When I repented of my sin and placed my faith and trust in Jesus Christ as Saviour and Lord, something radical happened: the world died to me. Its approval no longer defines me because, in Christ, I am fully known, fully loved, fully accepted on account of Christ.
But Paul doesn’t stop there; he adds, “and I to the world.” Not only has the world’s opinion lost its power, but my craving for its acceptance died too. Because I am united to the one whose acceptance alone matters.
“For you have died and your life is hidden with Christ in God.” (Colossians 3:3, NASB95)
People’s opinions lose their tyranny because they no longer define me. My pride dies because Christ exposes my sin, secures my worth, and frees me from needing to impress anyone.
“For by grace you have been saved through faith; and that not of yourselves, it is the gift of God; not as a result of works, so that no one may boast.” (Ephesians 2:8-9, NASB95)
To boast in the cross is to unmask ourselves before God and confess: ‘This is who I am now: not what people think, not what I perform, not what I fear. I am Christ’s.’
It means the fear of man loses its grip because the Son of Man has spoken a better word over us. This is the death of people-pleasing. This is the birth of true freedom. No image management. No performance. Only grace.
The Slow Unmasking
Freedom from people-pleasing is not instant. It is the slow, gentle unmasking of a heart learning to boast in Christ alone. It begins with knowing who we are, and then living before one face: God’s.
The more clearly we see His gaze of grace, the less we panic under the gaze of people. Slowly, quietly, the heart relearns its rhythms. The Spirit loosens the knots of insecurity we tied over many years. He untangles the fear of disappointing others, the silent dread of being misunderstood, the pressure always to say the right thing, act the right way, or maintain the right image.
‘The less I need people to like me, the more I can genuinely love them.’
For me, it has looked like:
- Saying “no” to good things when obedience requires it.
- Allowing others to think poorly of me without rushing to defend myself.
- Asking for help when sin plagues me, without shame.
- Speaking truth kindly but clearly, even if it creates tension.
- Receiving criticism with patience instead of panic.

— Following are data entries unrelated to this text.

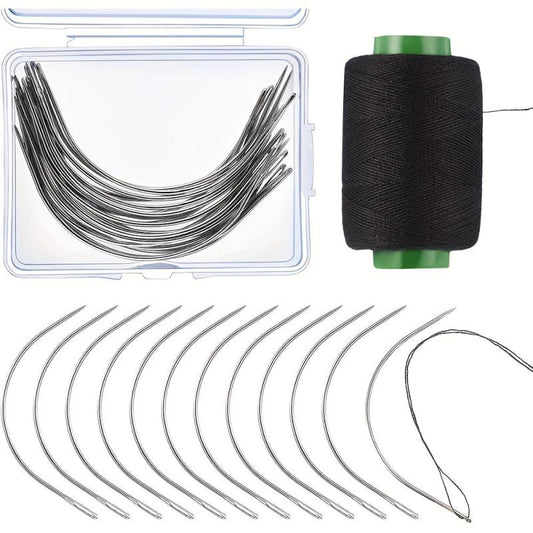 20 Wig C Curved Needles & 299.92m Thread Set for Professional Wig Making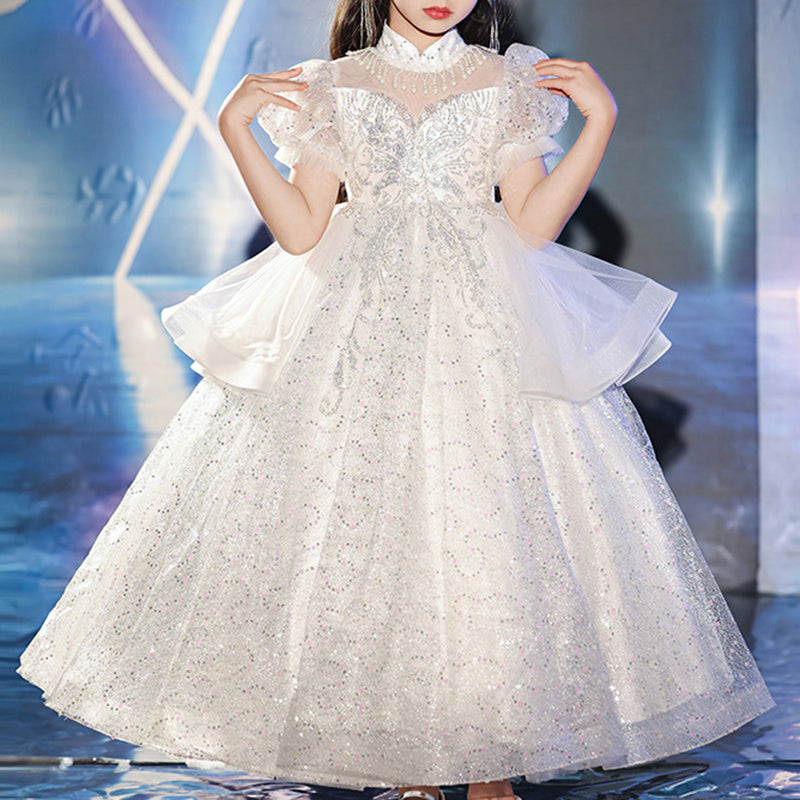 Elegant Baby Sequined Mesh Puff Princess Dress Toddler Baptism Dresses Elegant Baby Sequined Mesh Puff Princess Dress Toddler Baptism Dresses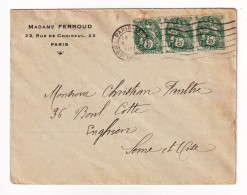 Lettre 1933 Paris Bande De 3 Type Blanc 5 Centimes Ferroud - 1900-29 Blanc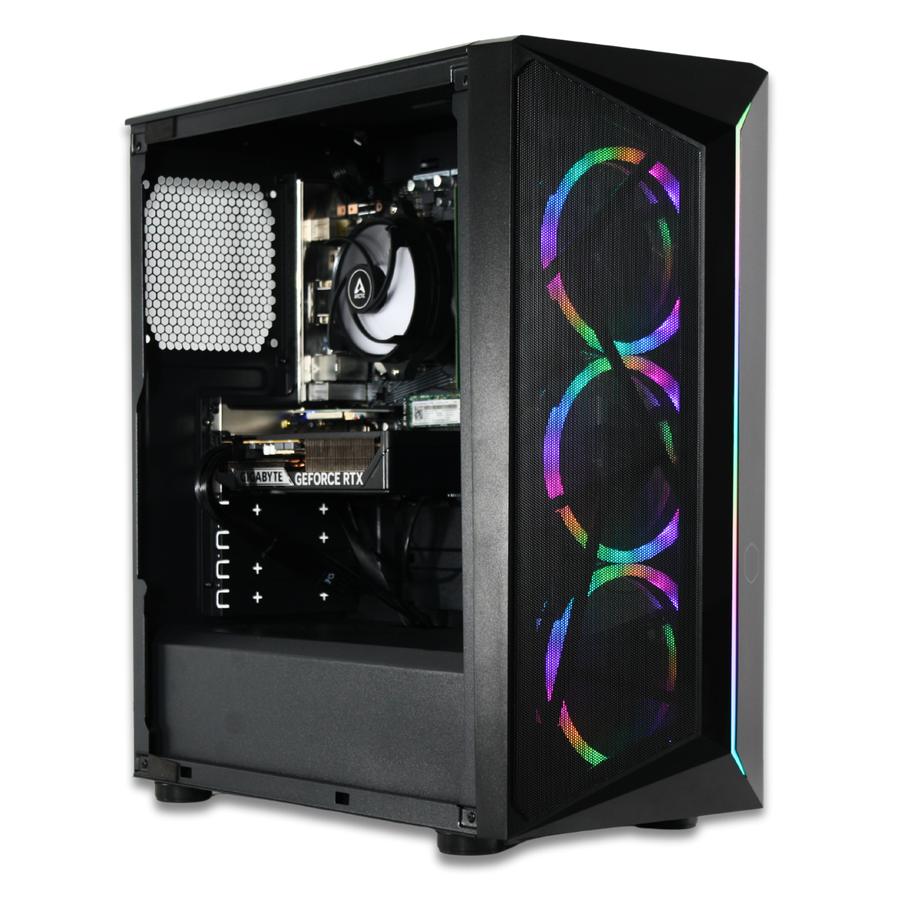XUM CMP 510 Prebuilt Gaming PC: AMD Ryzen 5 5500, NVIDIA GeForce RTX 3050 6GB, 16GB DDR4 RAM, 512GB NVMe SSD, 1TB HDD, 650W PSU 80+ Bronze, aRGB, WiFi 5, Windows 11 Home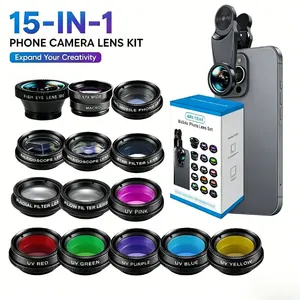 15-In-1 Phone Lens Set, Includes Wide Angle, Macro, FishEye Lenses, Universal Clip, Compatible with Most Smartphones like iPhone and Android, Ideal for Short Videos & Travel Photography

- Letting others be disappointed without collapsing inside.
- Doing unseen obedience simply because Jesus sees.
Some days I do these things well. Many days I don’t. But slowly, the mask is slipping. Slowly, fear is losing its voice. Slowly, pride is being crucified. Slowly, the Spirit is shrinking my craving for acceptance and expanding my joy in Christ.
“When you have tasted the beauty of God and the approval of God in Christ, the addiction of Human approval is broken and you are free.” - John Piper
When I live before the eyes of people, I perform. When I live before the eyes of God, I rest. His gaze is not suspicious or shifting. It is the gaze of a Father who delights in His child, a Saviour who finished the work, and a Spirit who has sealed my place in God’s family.
The Confessions of a Silent People-Pleaser
People-pleasing promises safety, but it cannot give rest. Only Christ can. When Paul says, “If I were still trying to please man, I would not be a servant of Christ,” he reveals something crucial: we are always serving someone.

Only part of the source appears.